Most times, I pull away a few dead leaves–there are bunches of them–even though I have no idea if this is a good thing to do. I just want to help them along, do whatever I’m supposed to to make them redden. Last year, I’ll be honest, I took the slew of my roma tomatoes inside too soon, mainly because I’d planted them near to the house (for easy watering) but also near a sprinkler head, which the plant grew over and then felt the effects of every day, making a whole side of it die of saturation. Bringing them in seemed the right thing to do then, the way to preserve them all from being ruined.
With this year’s group, every time I pull away leaves, feel the branches of the vines between my fingers, I walk away with the most delicious smell that lingers on my hands. It’s a mix of dirt and leaves and fresh, new-formed fruit all in one, the smell of tomatoes, the smell of summer.
It will probably be a few weeks, maybe a month? before my tomatoes are ready, and I’m just guessing this since I have no legitimate knowledge of how long tomato plants take to ripen. One thing’s for sure: I’ll be the first to notice when they’re ready.

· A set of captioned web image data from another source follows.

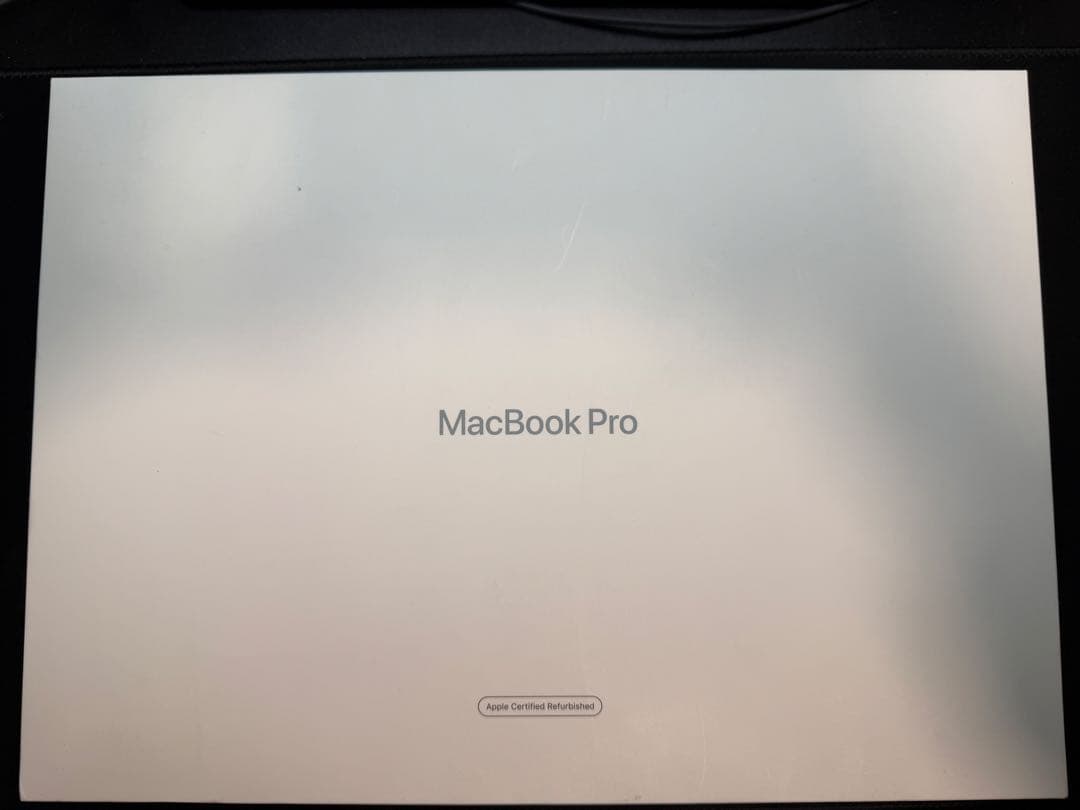 Mac book pro 13インチ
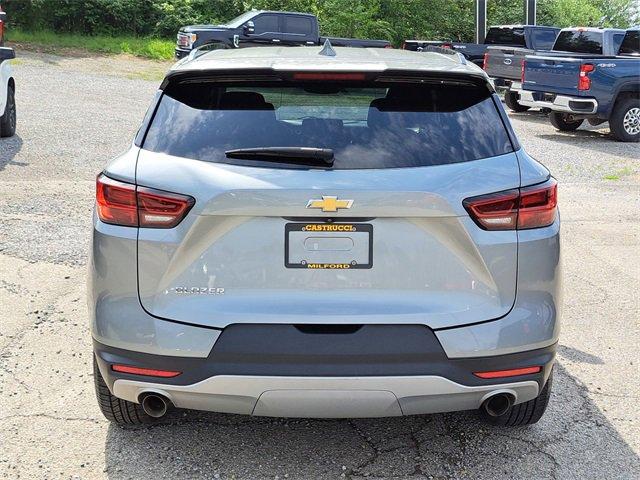 2024 Chevrolet Blazer Vehicle Photo in MILFORD, OH 45150-1684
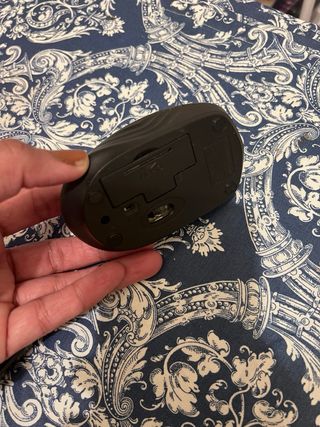 Set Tastiera e Mouse Wireless RII Silenzioso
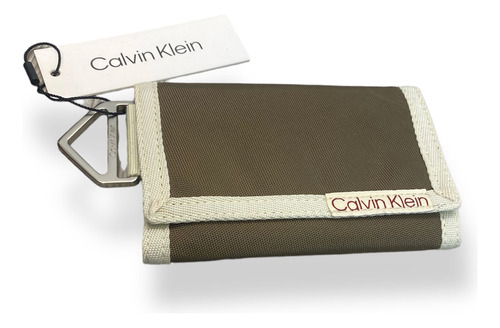 Billetera Calvin Klein Hombre/nuevo/original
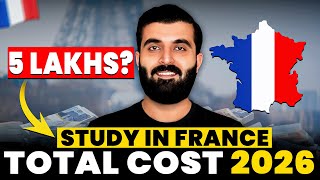 France Process Expenses 2026 | Fixed & Variable Costs Explained 🇫🇷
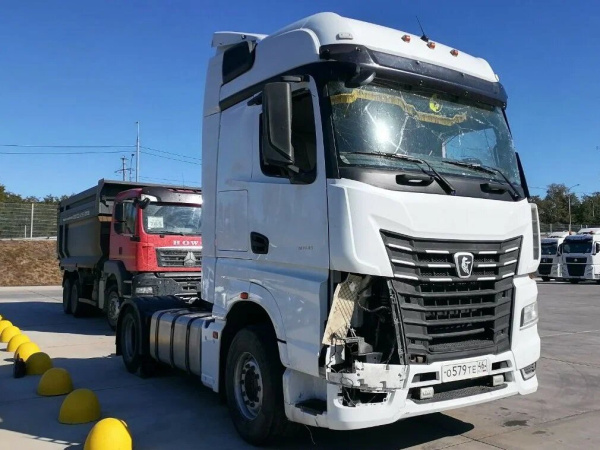 КамАЗ 54901 4x2 Седельный тягач 54901-004-92 — Б/У, 2021 г.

Meanwhile, though, a girl’s got to get her summer tomato fix when she wants it (plus, I’m entering a contest). So I made the following pasta dish, as simple as a dinner can be really, one night after getting home from work. It’s quick, it’s easy, it’s built on fresh, healthy ingredients that are as natural as they are packed with flavor.
Tomato Pasta Salad
based on a recipe I read at Last Night’s Dinner
Ingredients:
Your choice of pasta (I used angel hair)
Olive oil
Sweet tomatoes
1/2 to 1 ball of fresh, good-quality mozzarella
Fresh basil
Minced garlic
Directions:
Cook the pasta on the stovetop, as directed on its packaging. When finished, drain and toss it with olive oil (be generous), sliced tomatoes, large chunks of sliced mozzarella, big pieces of fresh basil and bits of minced garlic.
I also baked up some garlic bread to go with it. Perfection!